Beton und Persönlichkeit
Es gibt nachhaltigere und ressourcenschonendere Baumaterialien als das Gemisch aus Sand, Kies, Zement und Wasser. Doch die Architektur der ehemaligen Ostblockstaaten beweist, dass Beton durchaus ästhetische Qualitäten besitzt. Und auch der Firmensitz von Kovalska stellt ein eindrucksvolles Beispiel dieser geschichtsträchtigen Architektur dar: Den Kiewer Bau ziert ein monumentales Mosaik, das ihm mit einem Mix aus kubistischen Geometrien und abstrahierten Figuren ein markantes Gesicht verleiht. Die Planer nutzten es als Ausgangspunkt für den Entwurf der Innenräume.
Auf 1.120 Quadratmetern – im ersten Stockwerk eine Verkaufsabteilung, im zweiten ein geräumiger Arbeitsbereich – bewiesen sie Respekt für die alte Substanz, verloren aber auch zeitgemäße Anforderungen nicht aus den Augen. „Wir lieben die Architektur der Sowjetzeit“, erklären Lera Brumina und Artem Trigubchak, die einen komfortablen Arbeitsraum schaffen wollten, ohne den architektonischen Kontext zu vergessen. Doch es ging um mehr, sollte doch auch der Auftraggeber gestalterisch gebührend repräsentiert werden.

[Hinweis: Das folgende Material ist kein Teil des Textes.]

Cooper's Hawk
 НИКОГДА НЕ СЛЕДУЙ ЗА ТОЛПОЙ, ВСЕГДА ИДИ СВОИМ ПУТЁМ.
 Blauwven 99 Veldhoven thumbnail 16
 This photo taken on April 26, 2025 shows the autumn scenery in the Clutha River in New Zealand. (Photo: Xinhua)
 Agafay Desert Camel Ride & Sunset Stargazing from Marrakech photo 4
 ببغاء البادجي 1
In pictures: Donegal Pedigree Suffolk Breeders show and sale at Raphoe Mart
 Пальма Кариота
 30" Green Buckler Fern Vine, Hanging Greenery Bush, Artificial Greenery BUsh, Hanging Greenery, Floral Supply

Marmorsplitt und Pflasterstein
Was lag da näher, als die Materialien des Unternehmens für die Innenarchitektur und Möblierung zu verwenden? So können Besucher schon im Wartebereich die Beschaffenheit der Kovalska-Baustoffe in Augenschein nehmen. Viele der Möbelstücke sowie das Beleuchtungssystem stammen aus der Feder der Architekten. Die Sockel einer tannengrünen, gepolsterten Bank und eines dazugehörigen Ablagetisches wurden aus Pflastersteinen gefertigt. Für eine Trennwand in der Loungeecke nutzten Trigubchak und Brumina geschnittene Betonplatten. An anderen Wänden kamen Sand- und Marmorsplitt als dekorative Elemente zum Einsatz. Und auf den Böden findet man große Terrazzoflächen aus der Produktion des Bauherren. Dass das Interieur trotz der rauen Ästhetik der Steinprodukte ansprechend wirkt, liegt vor allem an einer durchdachten Farbpalette. Im Foyer wird mit den strengen Rastern der Deckenlichter und Regale die sachliche, geradlinige Handschrift der Architekten deutlich. Mit apricotfarbenen Displayflächen in den Regalen, sonnengelben Stühlen und einer warmen Beleuchtung nehmen sie der eher sachlichen Gestaltung jedoch an Strenge und erzeugen eine einladende Atmosphäre.
Farbliche Einheiten
Die weitläufigen Flächen teilten die Planer in einzelne Büroparzellen. Dafür nutzten sie halbtransparente Paneele, die das natürliche Licht auch in die inneren Bereiche dringen lassen. Aber auch für die Separierung der Räume arbeiteten die Architekten mit einem gezielt eingesetzten Farbkanon. In den Gemeinschaftsräumen kombinierten sie zarte Pastelltöne an den Wänden mit kräftigen Nuancen dieser Farben beim Mobiliar. So entstand ein stimmiges Gesamtkonzept, in dem die bauklotzartigen, kubischen Konturen der Möbel formellen Bezug auf die Fassade des Gebäudes nehmen.Mit ihren ausgewogenen Farb-, Form- und Materialentscheidungen realisierten Lera Brumina und Artem Trigubchak ein ausdrucksstarkes, aber zeitloses Interieur – wie eine Ode an die schlichten Materialien und ein Argument für einen bunten Brutalismus.